If the idea of walking a long trail tugs at your heart, don’t let the idea that an impossible amount of time or ambition are required for an adventure you’ll remember forever – as these 100(ish)-mile heroes are here to prove.

WE’VE PROBABLY ALL daydreamed about walking the South West Coast Path or the Appalachian trail – but for most of us such long walks remain perpetually out of reach purely for practical reasons. But that doesn’t mean your dreams of having a great adventure need to stay in the misty land of oneday- maybe. A trail of around 100 miles is still a mighty quest – an eminently quotable Big Achievement, with the full portion of picaresque potential, and all the satisfactions of the planning, the horizon-hunting and sheer heroism of crossing a section of Britain big enough to look meaningful pointed to on a globe.

A week off work or away from home isn’t too much to ask of the universe – and the memories you’ll bring back will be a bigger haul than it seems possible a mere seven days can yield.
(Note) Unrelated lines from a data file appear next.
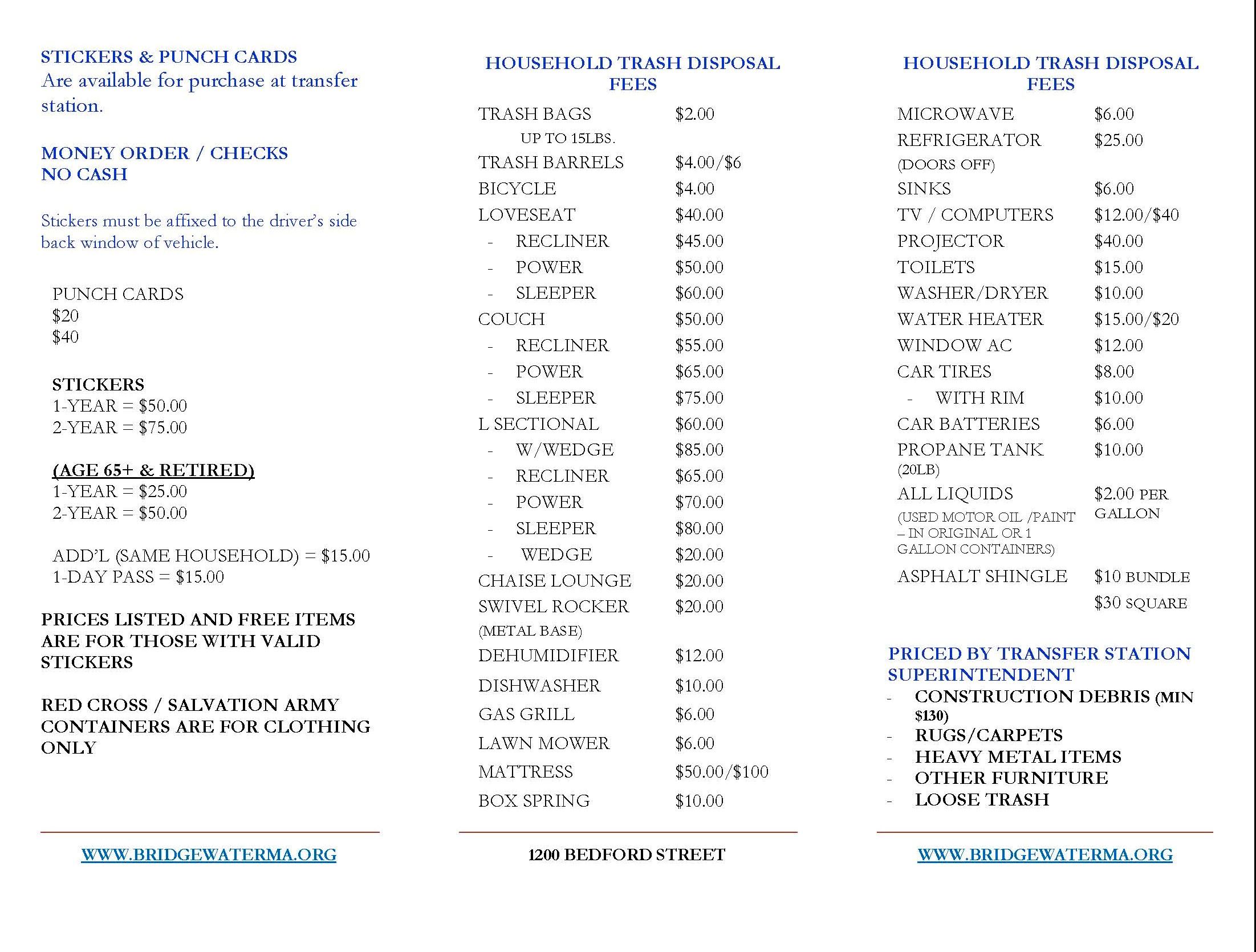 Transfer Station Stickers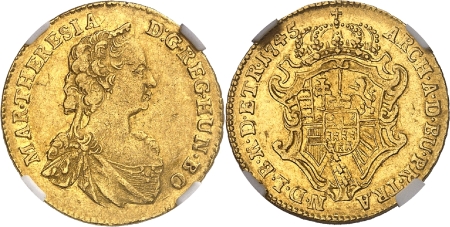Marie-Thérèse (1740-1780) - Ducat or - 1745 Karlsbourg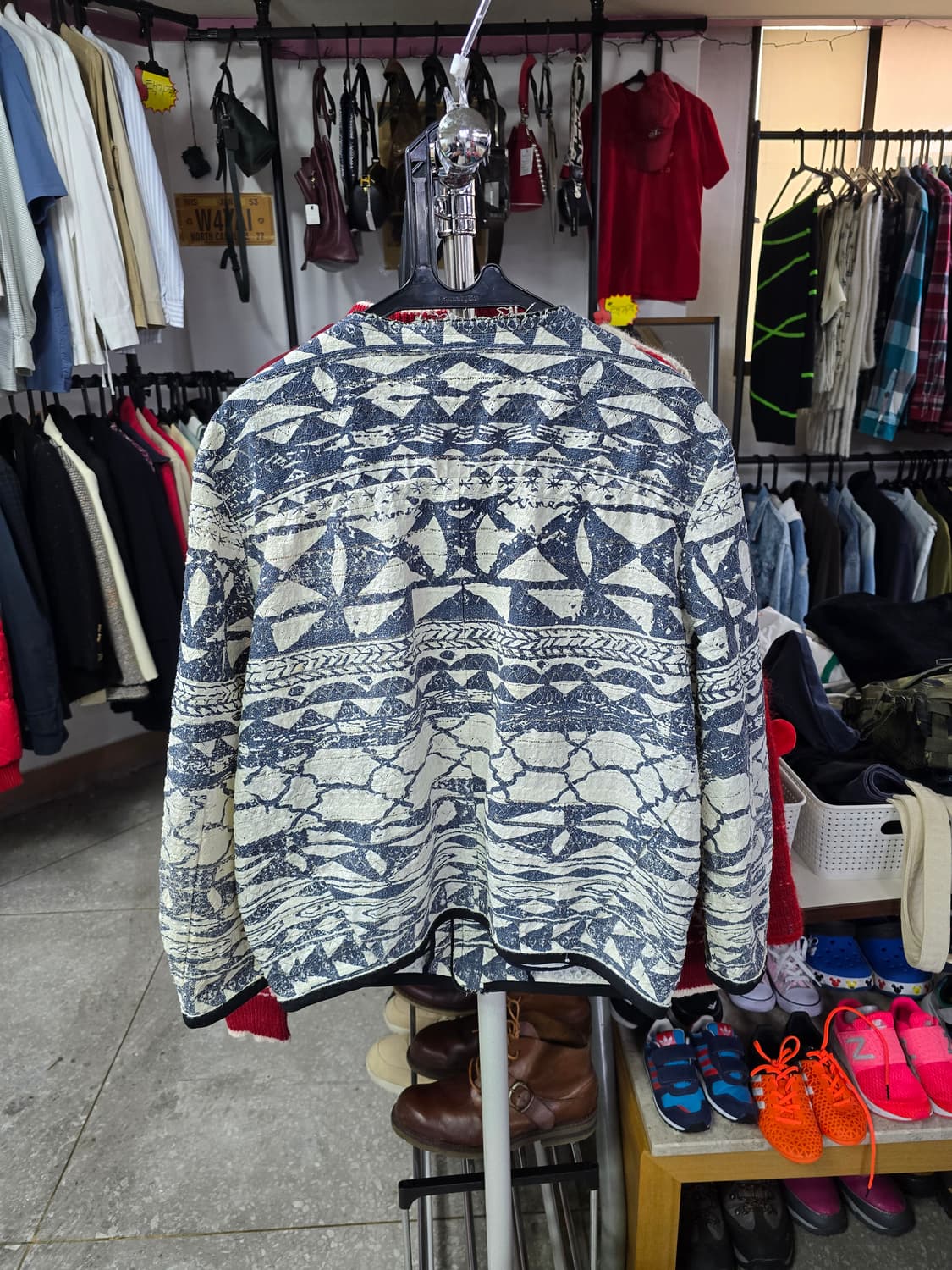 TIME 타임 패턴 짚업 자켓 (1282) 상품이미지2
In the time the rest of the world has watched a bit of TV and put the bins out once, you’ll have become the central character in an epic adventure story. And not just one of those commonplace adventures everyone’s heard about, but a connoisseur’s quest to call your own – like one of these lesser-known trails crying out to make the last of summer forever memorable…

Dales High Way 90 miles

IF YOU WANTED to devour the whole of the Yorkshire Dales National Park in a single sitting, you might think walking the 80-mile Dales Way would be the way to do it – but you’d be wrong. Sticking mostly to the valleys on its way from Ilkley to a hardly fitting end at Bowness in the Lake District, the Dales Way could be accused as being inattentive to its brief. There’s much more to the Yorkshire Dales – indeed literally much more since the park expanded in 2016 to take in the whole of the lovely Howgills, the wilds of Mallerstang Common and the vast limestone pavements of Great Asby Scar. These are developments of which the Dales Way is oblivious, yet accommodated by the far-sighted Dales High Way, created in 2007 by husband and wife Tony and Chris Grogan. Their path, marked with the reassuring diamond pattern on OS Maps since 2014, is longer, higher and more varied and tethers its southern end to social history in the industrial model village of Saltaire.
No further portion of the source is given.